YouTube Trends Arbitrage and the Clustering Algorithm That Survived

2024-06-23

I built a website that tracked YouTube trends across Europe and tried to spot which ones had the potential to spread across borders. The idea was simple: if a video is trending in Poland and Germany but not yet in France, maybe it’s about to show up there too. Content arbitrage, essentially — find the trend before it arrives.

The website is dead now, but one piece of it survived: a clustering algorithm I had to write from scratch because nothing I found could handle the data I was working with. That algorithm ended up being the most interesting part of the whole project, so this is mostly about that.

The pipeline

The system scraped YouTube’s trending page from 24 European countries several times a day. Each scrape pulled video metadata — titles, tags, descriptions, topic categories. The first problem was language. A trending video in Hungary has Hungarian tags. The same video trending in Spain has Spanish tags. To compare them, everything had to be in English.

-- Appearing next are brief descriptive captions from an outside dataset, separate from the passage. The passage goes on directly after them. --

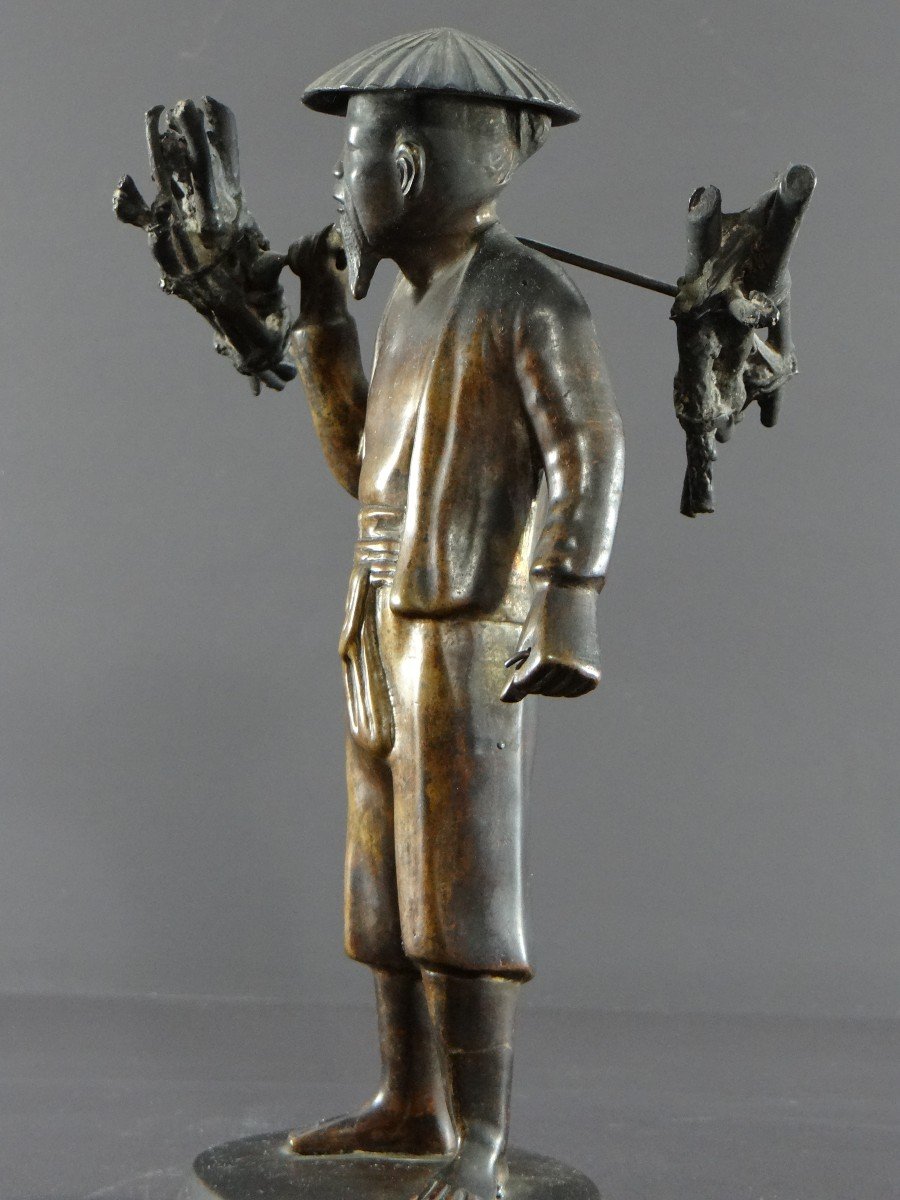 Vietnam, Début Du XXème Siècle, Statuette En Bronze Paysan Porteur De Fagots. -photo-2
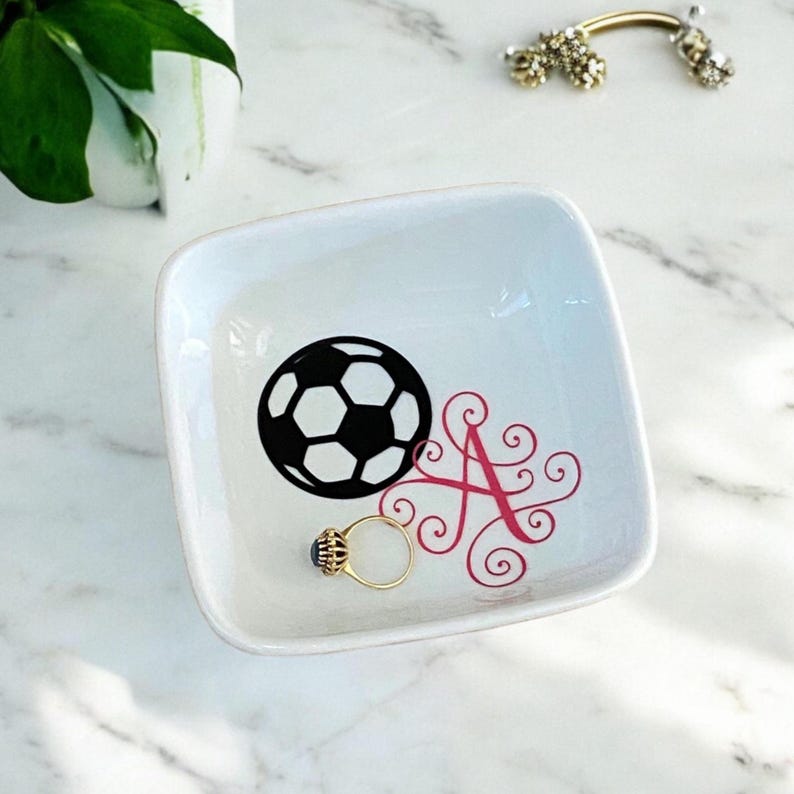 Plato para joyas de fútbol con monograma, ideas de regalos de fútbol, plato para anillos personalizado, regalo para futbolistas, regalos para entrenadores, regalo para equipos de fútbol femenino imagen 1
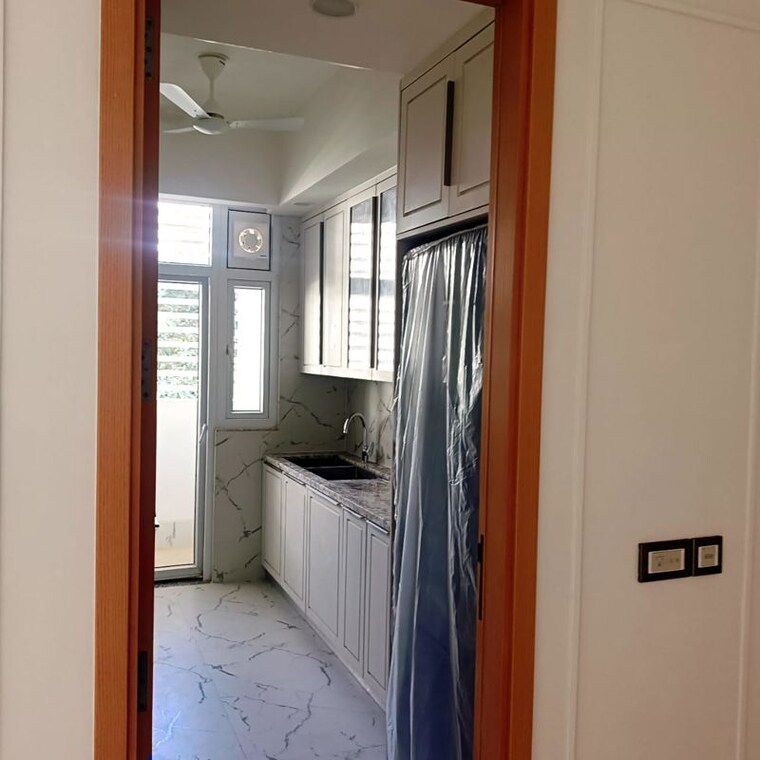 Bathroom, dlf-the-grove 4 Bedroom 3140 Sq.Ft. Builder Floor In Sector 54 Gurgaon 10521186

I used LibreTranslate, an open source translation service you can self-host. It worked, mostly. The translations were far from perfect — LibreTranslate would sometimes insert the word “Image” into translations for no apparent reason, or produce output that was suspiciously close to the original text, or return something twice the length of the input. I wrote a cleaning pipeline to catch the worst artifacts: length ratio checks, artifact word removal, filtering out translations that were too similar to the source (suggesting the model just echoed the input back). It was messy, and the translations were never as clean as I would have liked, but they were good enough to make cross-country comparison possible.

Once everything was in English, the pipeline combined records for the same video across countries. If a video was trending in three countries, it became one record tagged with all three. Then a filter: only keep videos trending in at least two different countries. A video only trending in one place isn’t interesting for arbitrage — it hasn’t demonstrated cross-border potential yet.

That left me with a set of multilingual, multi-country video records that needed to be grouped by topic. Videos about the same event, the same meme, the same cultural moment — those should cluster together. And that’s where things got difficult.

Why standard algorithms don’t work here

The features I had to cluster on were tags and tokenized title words. Not numbers. Not vectors. Sets of categorical strings like {"music", "pop", "concert", "live", "2024"}. Two videos are similar if they share enough of these tokens. That’s the intuition, but most clustering algorithms can’t work with it directly.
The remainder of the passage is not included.